■ Information shown:

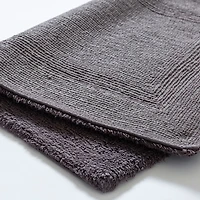 KSP Plush Single Race Track Anti-Skid Cotton Bathmat 20x32" (Dk. Grey)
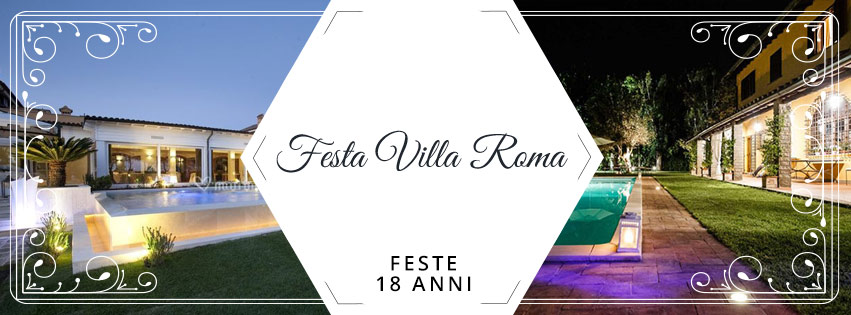 festa 18 anni in villa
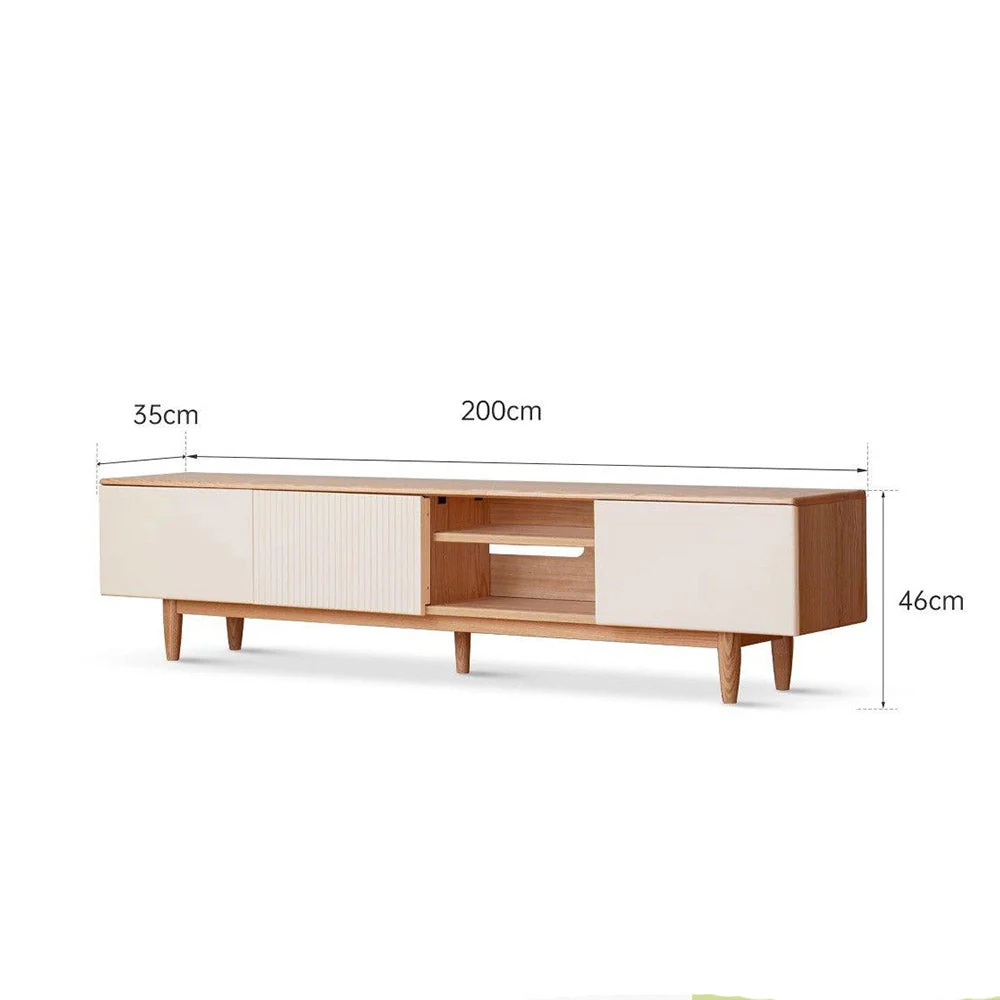 Korge Solid Oak Entertainment Unit - Image 9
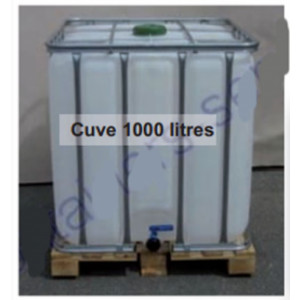 Cuve de stockage en plastique - Capacité : 1000 litres  -  Dimension : 100x120x118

■ What you have to do: Using the listing above, write out exactly the lines from the one that holds "festa 18 anni in villa" through the last line, both included, and omit pictures.

■ Result of the task:
 festa 18 anni in villa
 Korge Solid Oak Entertainment Unit - Image 9
 Cuve de stockage en plastique - Capacité : 1000 litres  -  Dimension : 100x120x118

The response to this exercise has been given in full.